(Caption-style text data)
== == ==
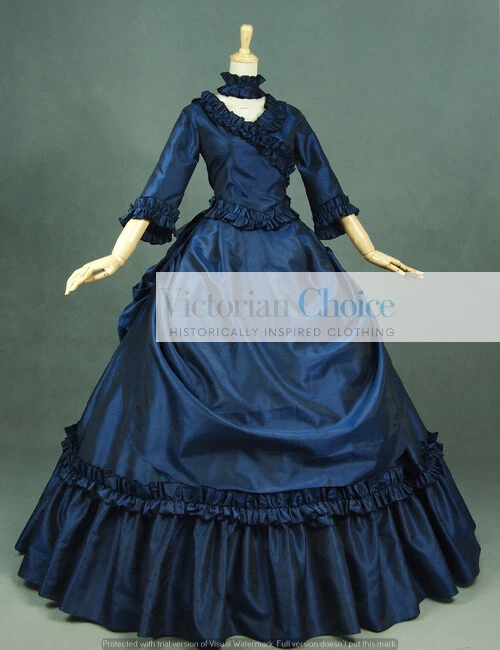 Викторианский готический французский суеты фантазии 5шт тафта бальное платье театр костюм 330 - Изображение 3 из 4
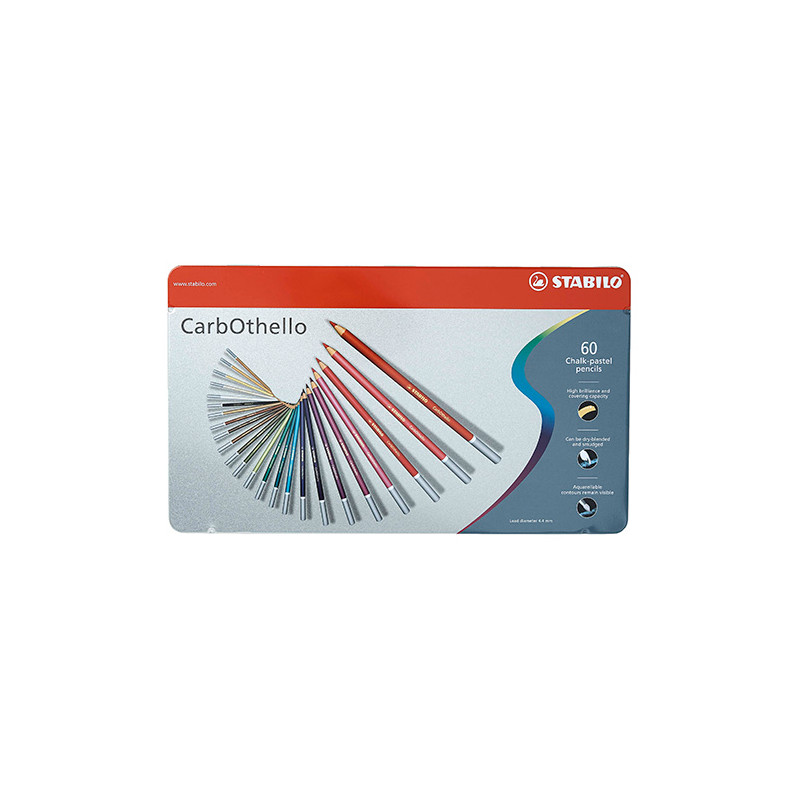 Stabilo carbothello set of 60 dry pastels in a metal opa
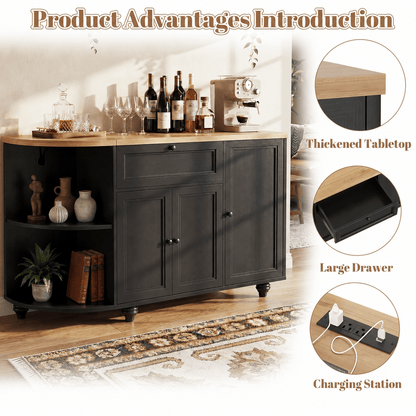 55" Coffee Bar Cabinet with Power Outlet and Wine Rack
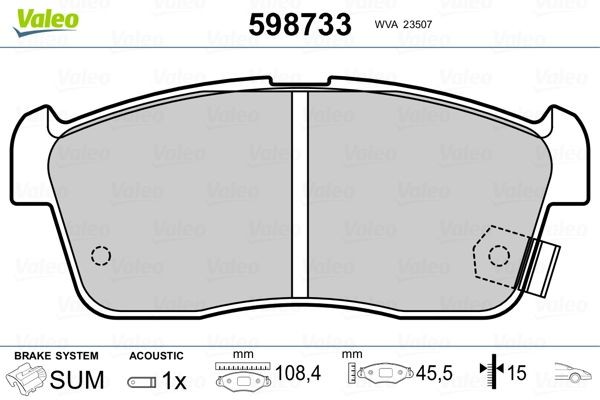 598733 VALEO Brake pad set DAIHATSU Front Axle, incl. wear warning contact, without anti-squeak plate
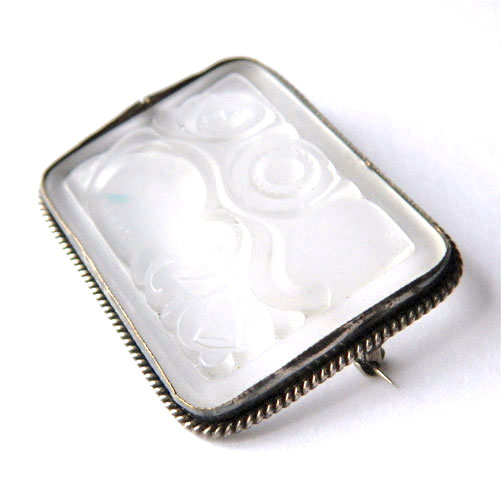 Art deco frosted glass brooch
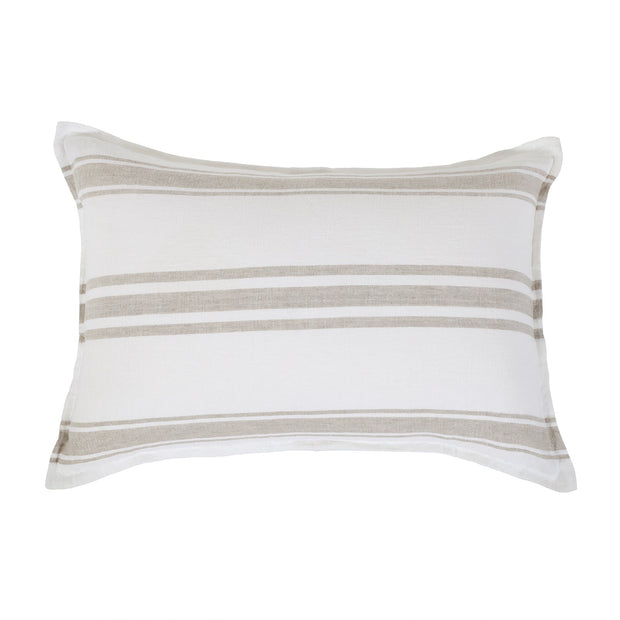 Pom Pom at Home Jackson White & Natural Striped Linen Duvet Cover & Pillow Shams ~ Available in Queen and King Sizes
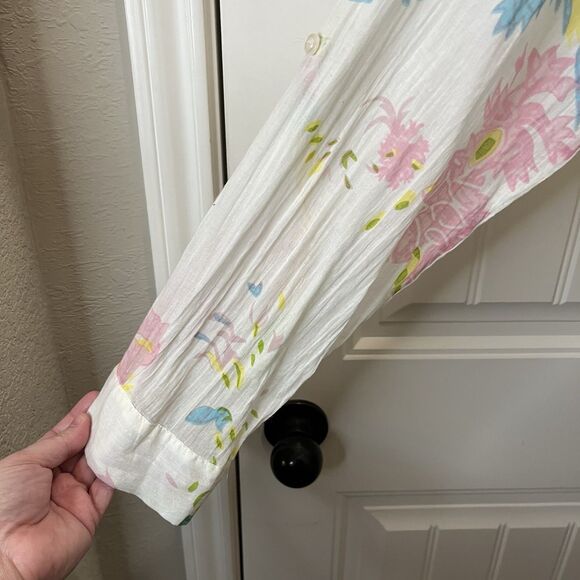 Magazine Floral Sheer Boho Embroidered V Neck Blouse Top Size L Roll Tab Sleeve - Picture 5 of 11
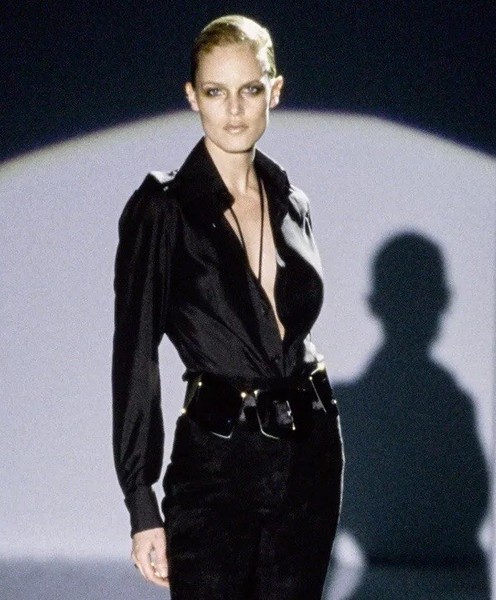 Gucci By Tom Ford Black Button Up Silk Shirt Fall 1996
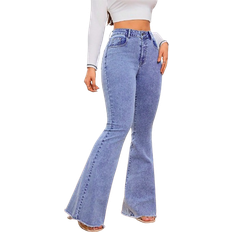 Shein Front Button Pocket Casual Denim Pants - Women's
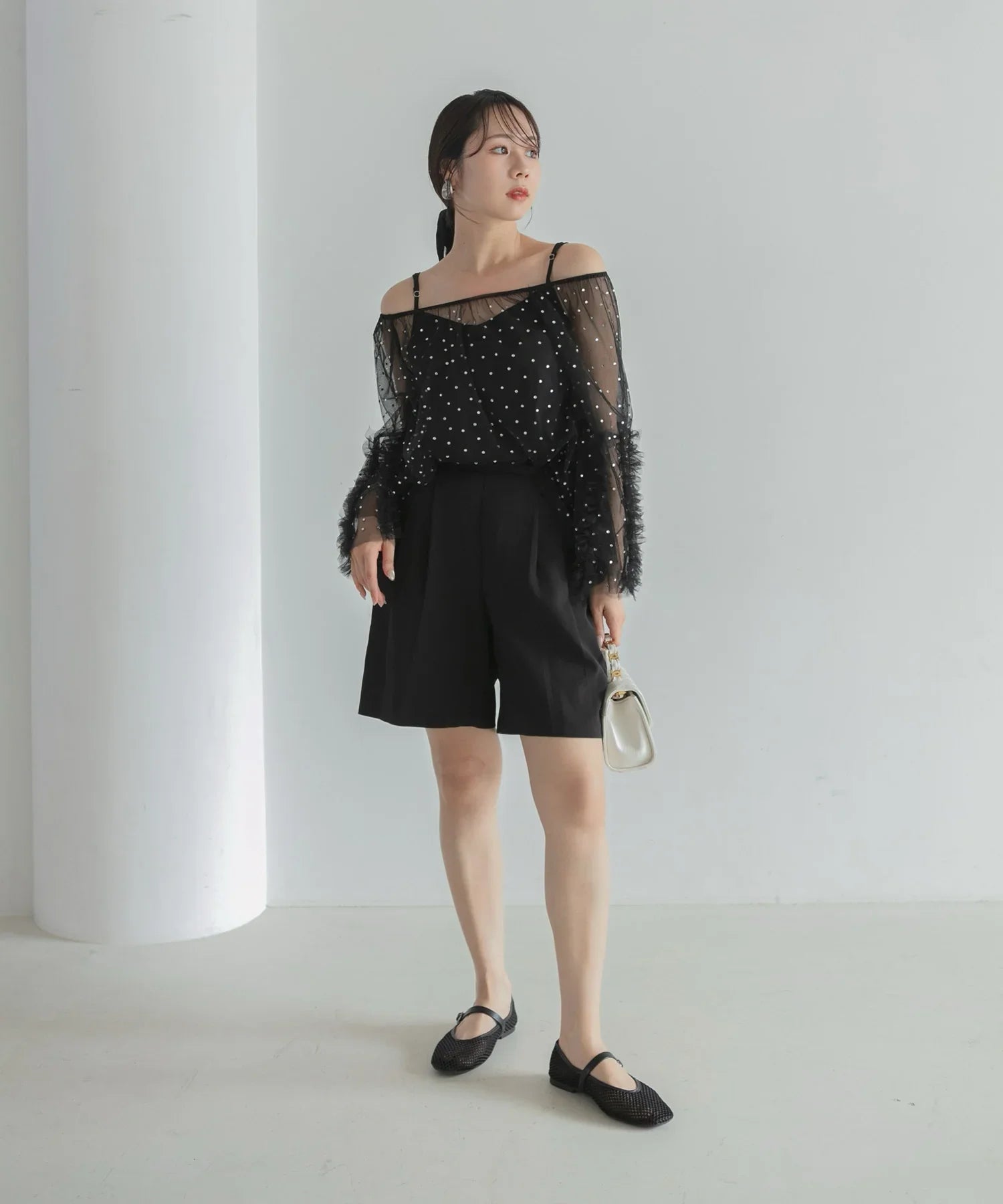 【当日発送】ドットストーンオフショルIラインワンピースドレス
== == ==
Exercise requirements:
Copy exactly the lines of the entries above from the one containing "Pom Pom at Home" through the one containing "Shein Front Button". Both end lines count; pictures do not.

Your response:
 Pom Pom at Home Jackson White & Natural Striped Linen Duvet Cover & Pillow Shams ~ Available in Queen and King Sizes
 Magazine Floral Sheer Boho Embroidered V Neck Blouse Top Size L Roll Tab Sleeve - Picture 5 of 11
 Gucci By Tom Ford Black Button Up Silk Shirt Fall 1996
 Shein Front Button Pocket Casual Denim Pants - Women's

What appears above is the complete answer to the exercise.